---------- Supplied material
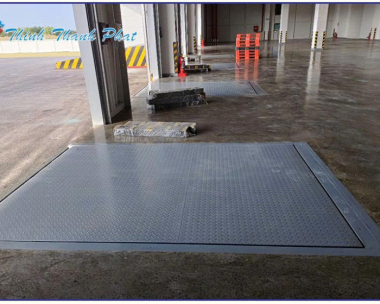 SÀN NÂNG THỦY LỰC ĐÓNG RÚT HÀNG XUẤT NHẬP KHẨU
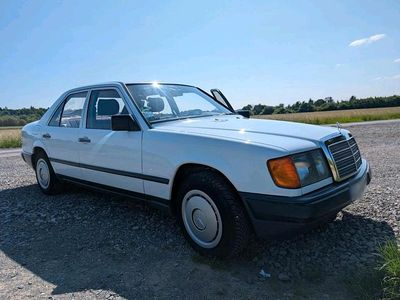 Gebraucht Mercedes E260 160 PS (117 kW) 1987 Weiß Limousine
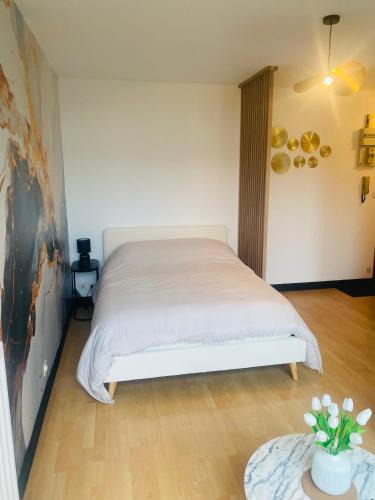 Vitre Apartment | Charmant Studio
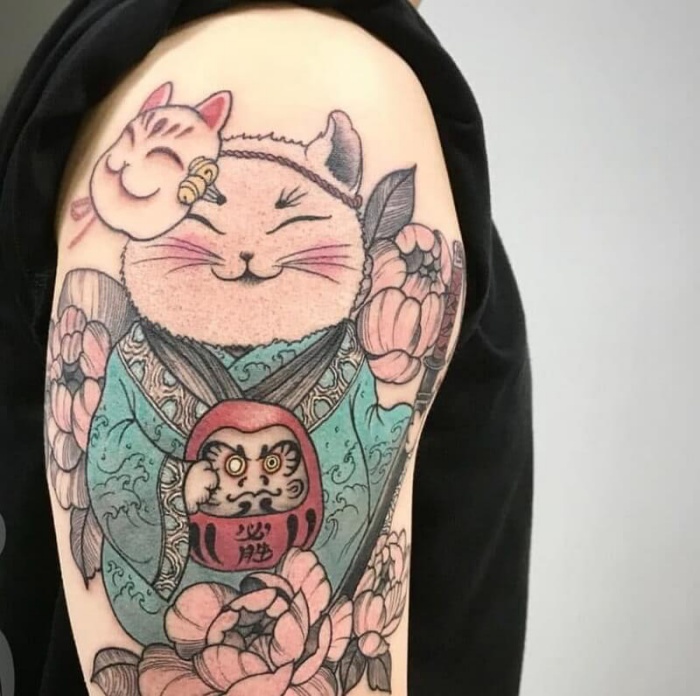 Hình xăm Nhật cổ hình mèo thần tài ở bắp tay 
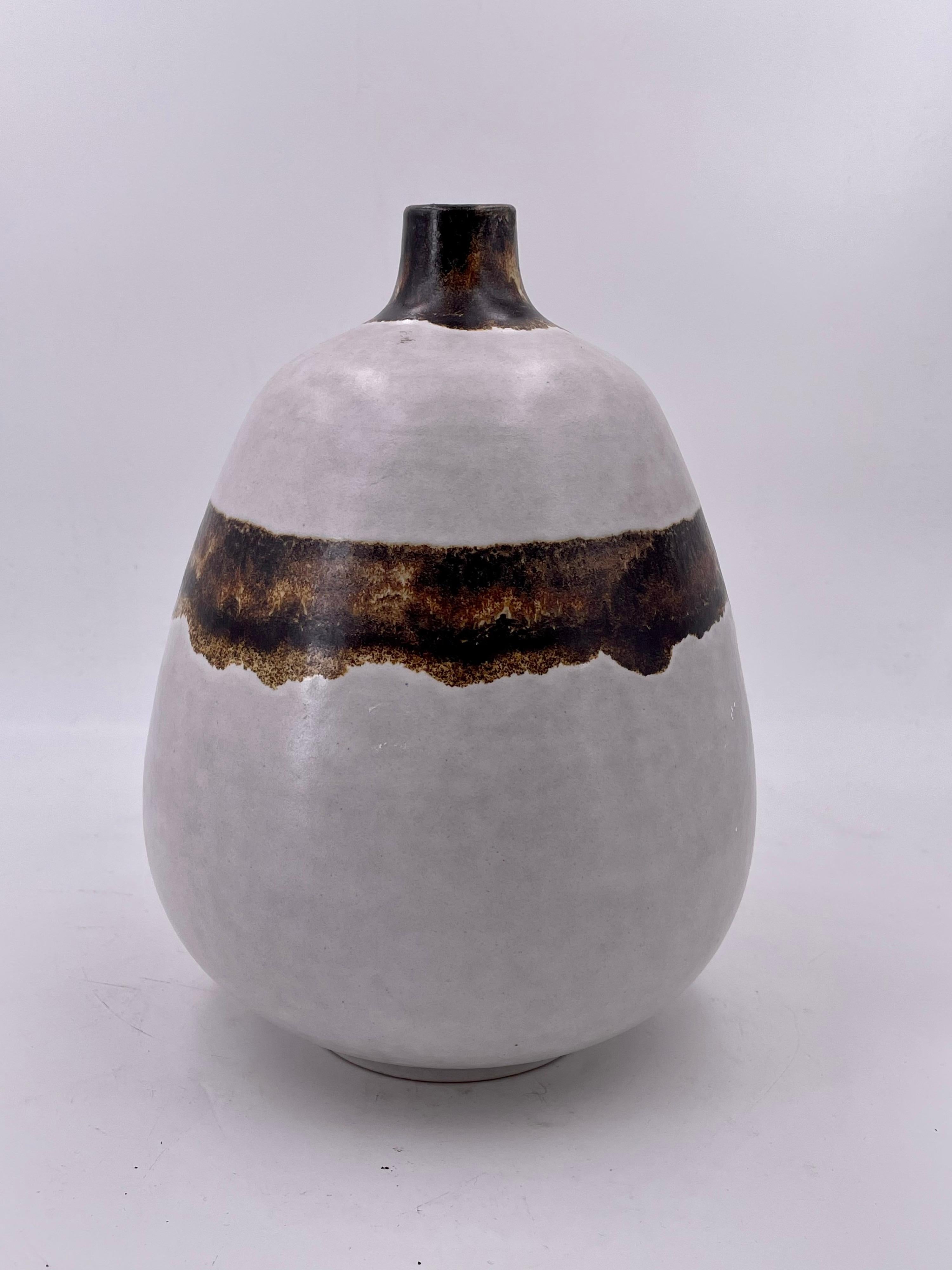 Beautiful glaze, brown and grey color combination on this vase by Bitossi for Raymor Imports, circa 1960s. The piece is quite unique and was made in Italy; great decor piece for any Mid-Century Modern setting.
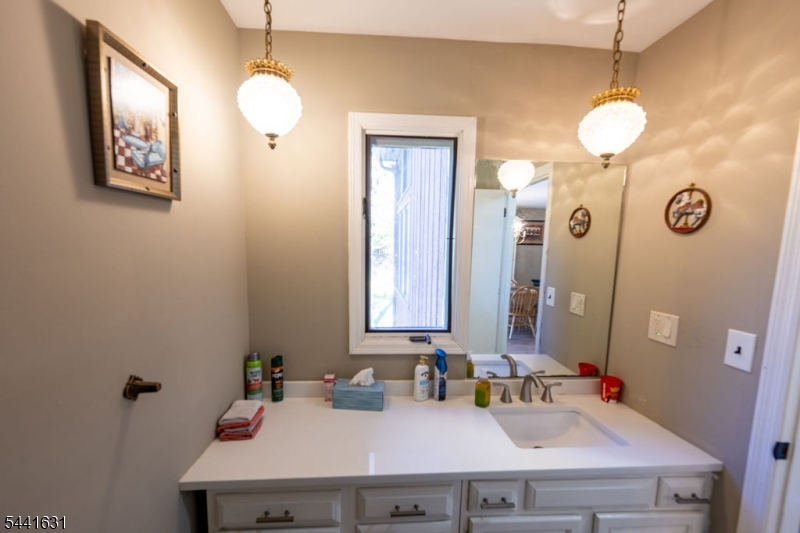 13 Village Way E7 Property Photo 23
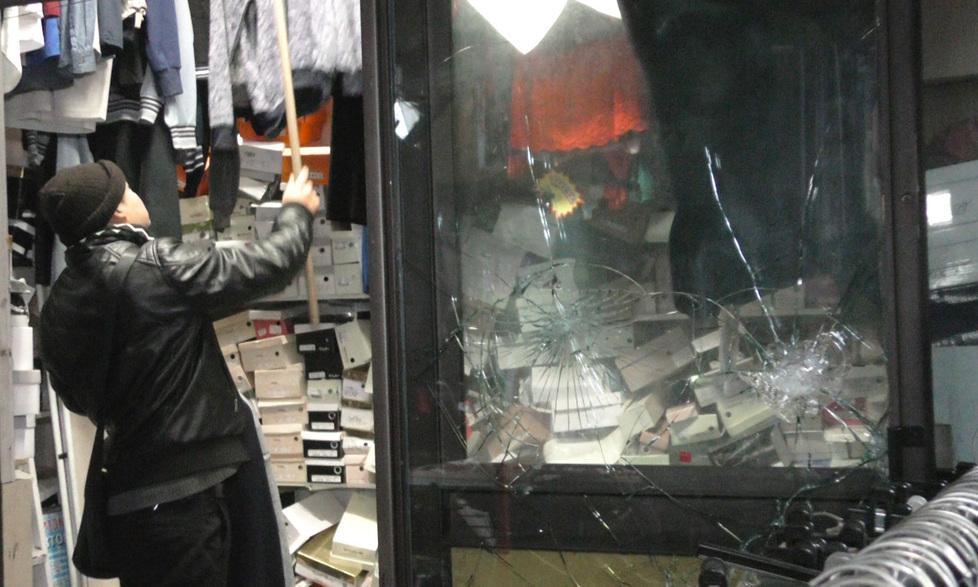 Modena, nuovo raid dei ladri in piazzale I° Maggio: spaccata al chiosco 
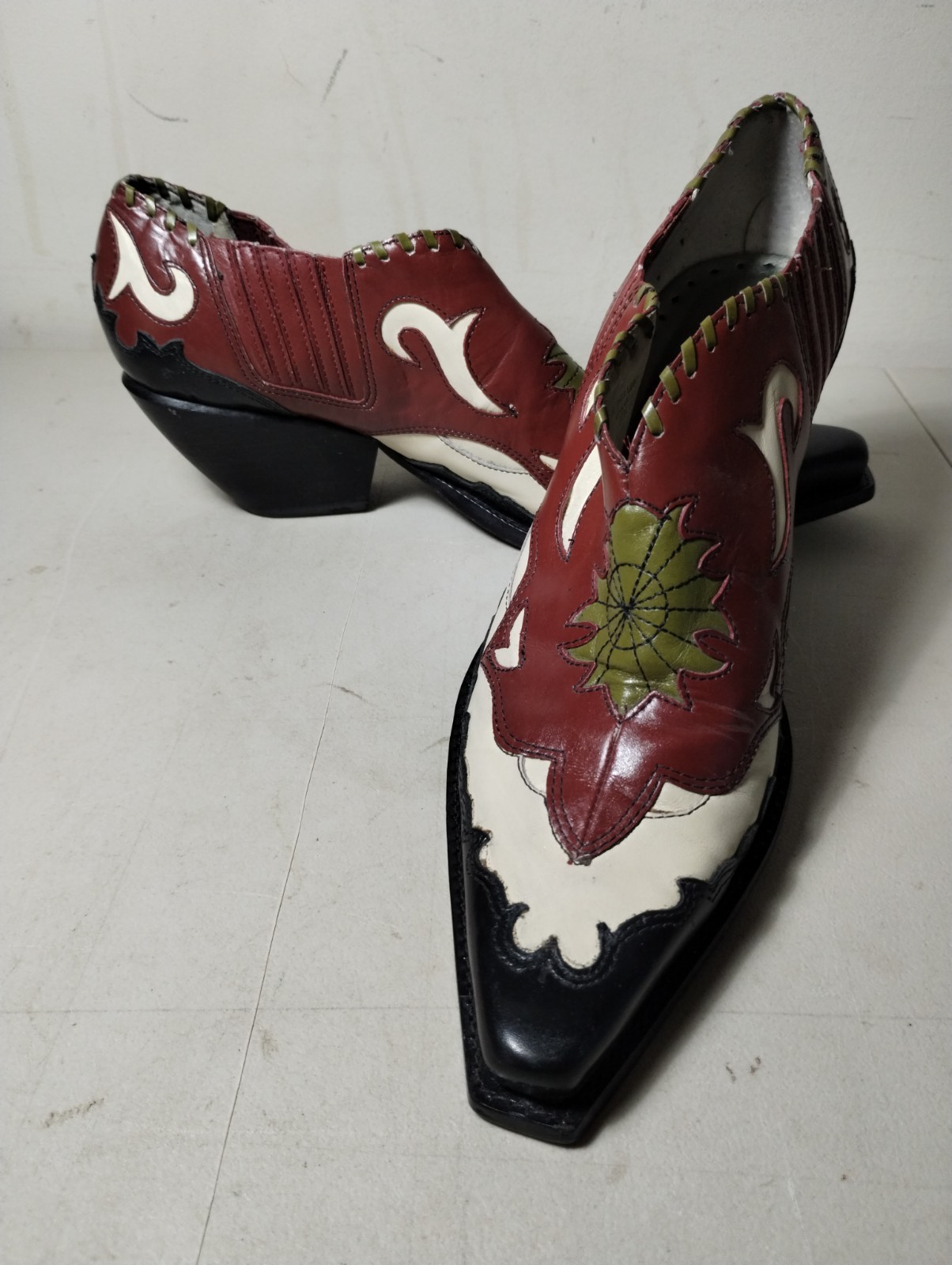 BCBGirls Tooled Red Leather Western Mules Shoes Women’s Size 8 B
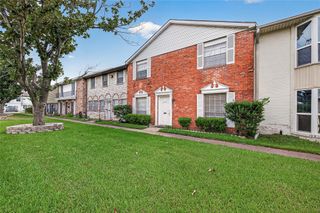 6649 De Moss Drive 649, Houston, TX 77074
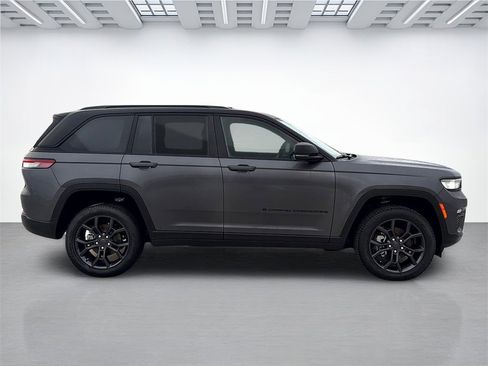 New 2025 Jeep Grand Cherokee Limited image 2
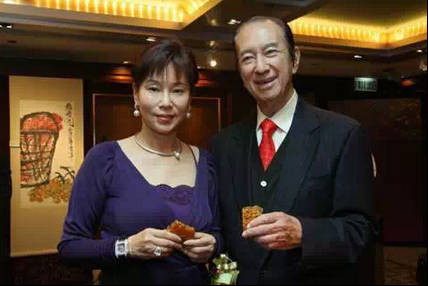 ���ض����ĸ�̫̫����Ǯ �����κ���͸�����������ʱ����Ƭ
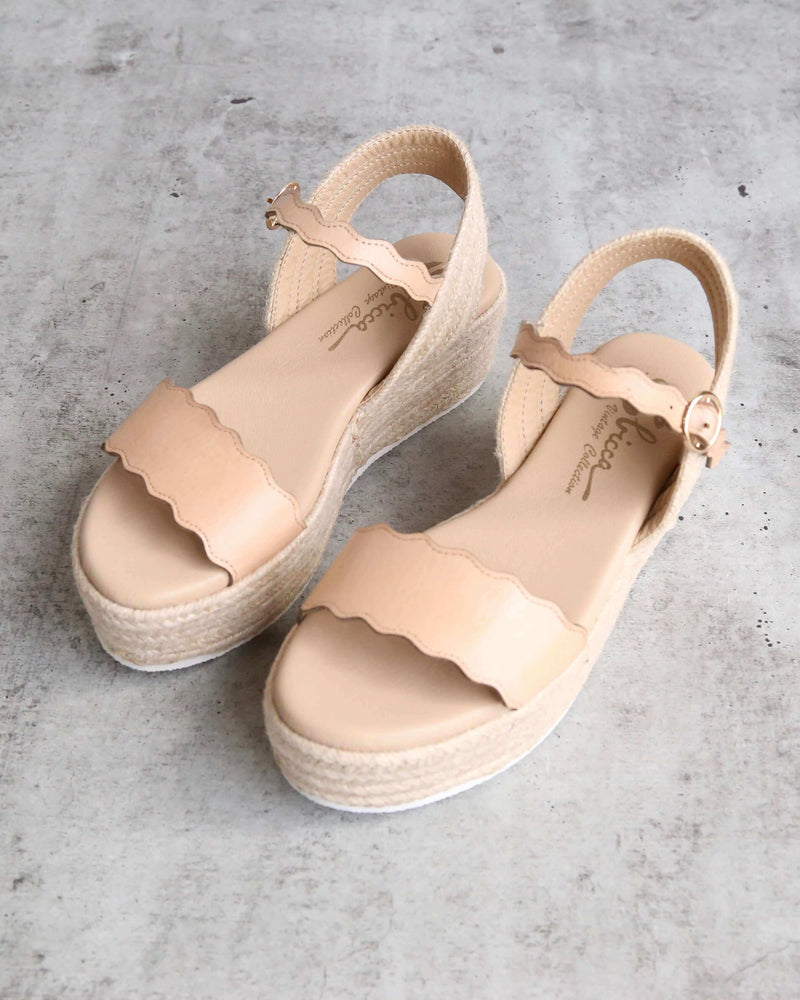 Scalloped top espadrille sandals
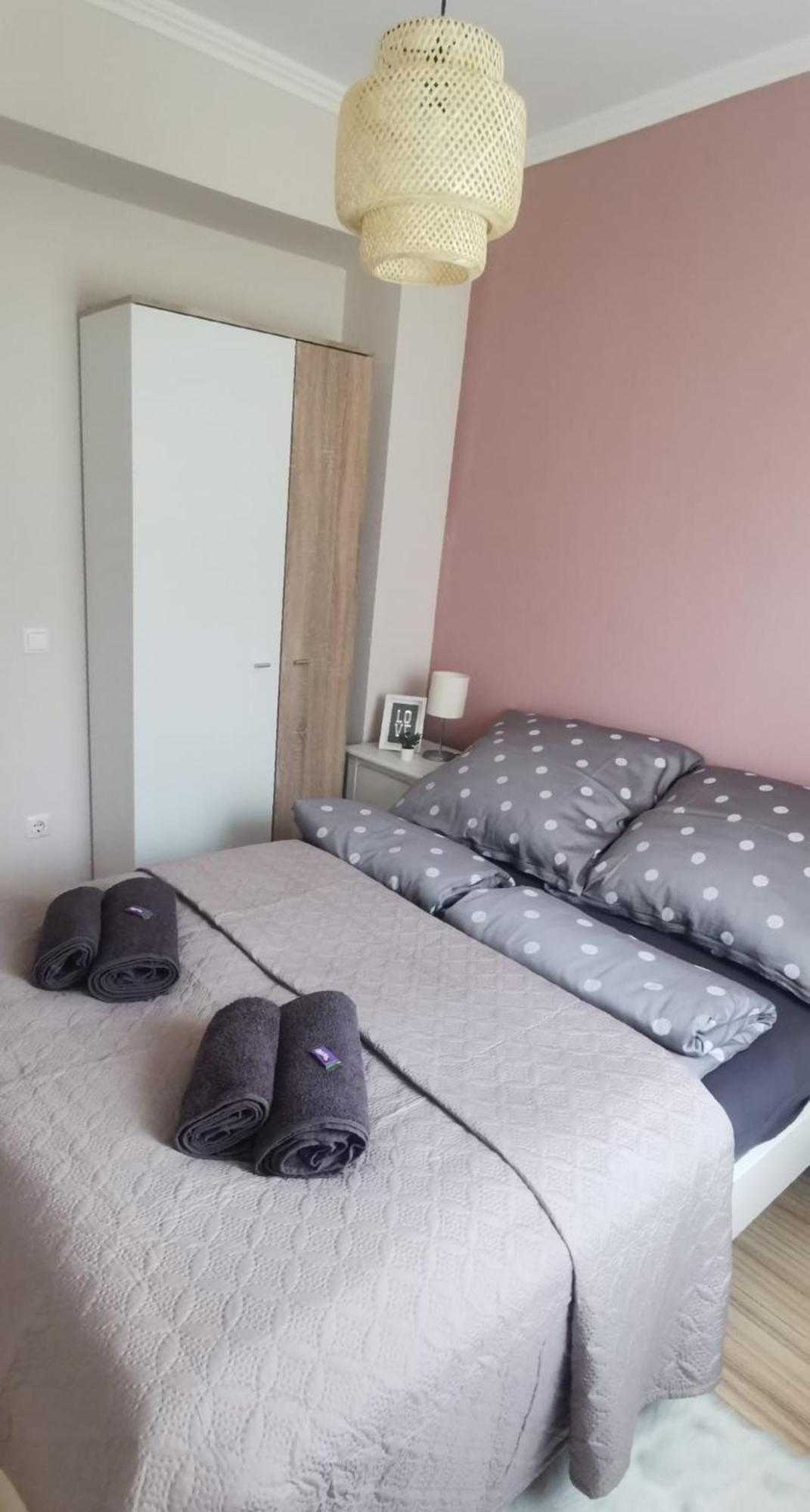Mediterrania Apartment Кестхей Экстерьер фото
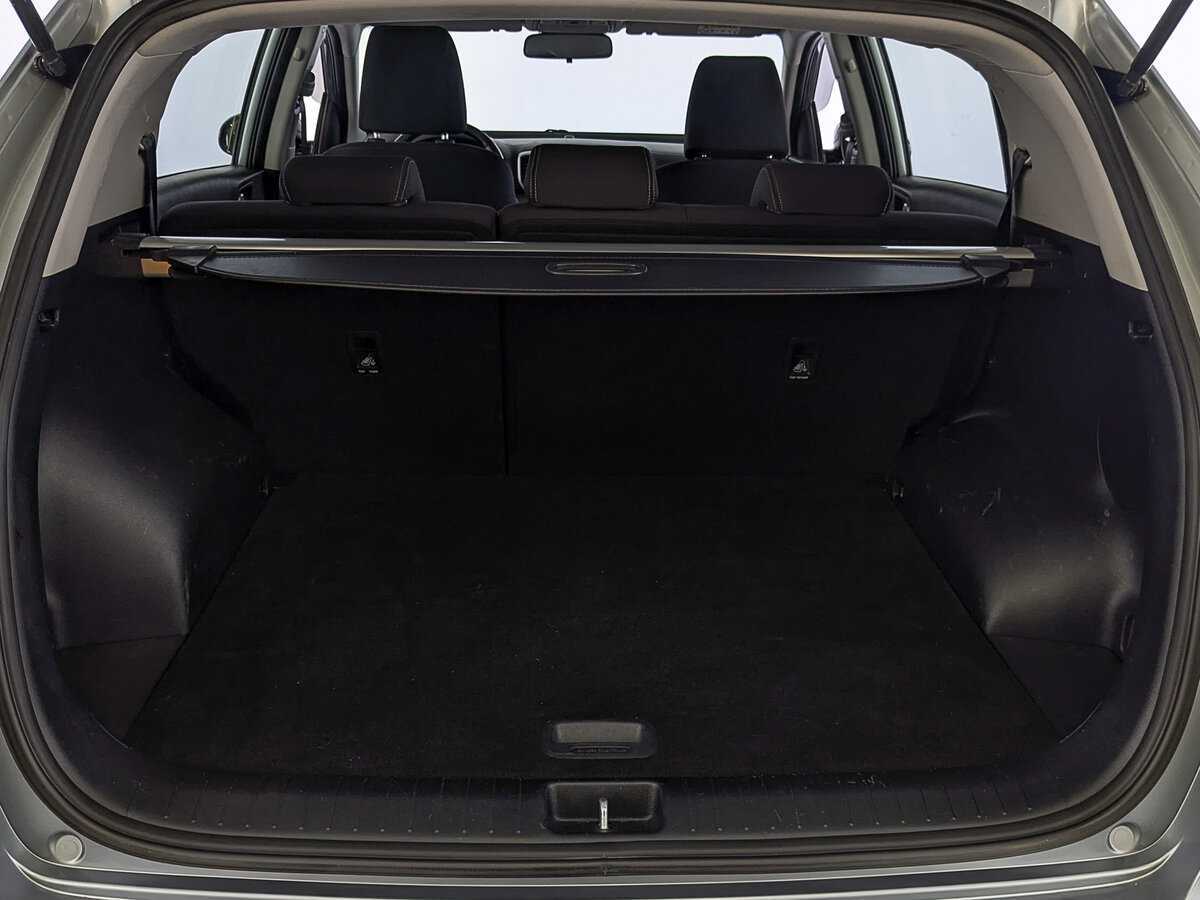 Б/У Киа Спортейдж 2019 года. Фото: #9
--------------------
Task to carry out >> Because the copy must hold no pictures, return only the lines that run from the line containing "New 2025 Jeep Grand Cherokee Limited image 2" to the end of the data above, each exactly as it stands.

Problem solution >>
 New 2025 Jeep Grand Cherokee Limited image 2
 ���ض����ĸ�̫̫����Ǯ �����κ���͸�����������ʱ����Ƭ
 Scalloped top espadrille sandals
Mediterrania Apartment Кестхей Экстерьер фото
 Б/У Киа Спортейдж 2019 года. Фото: #9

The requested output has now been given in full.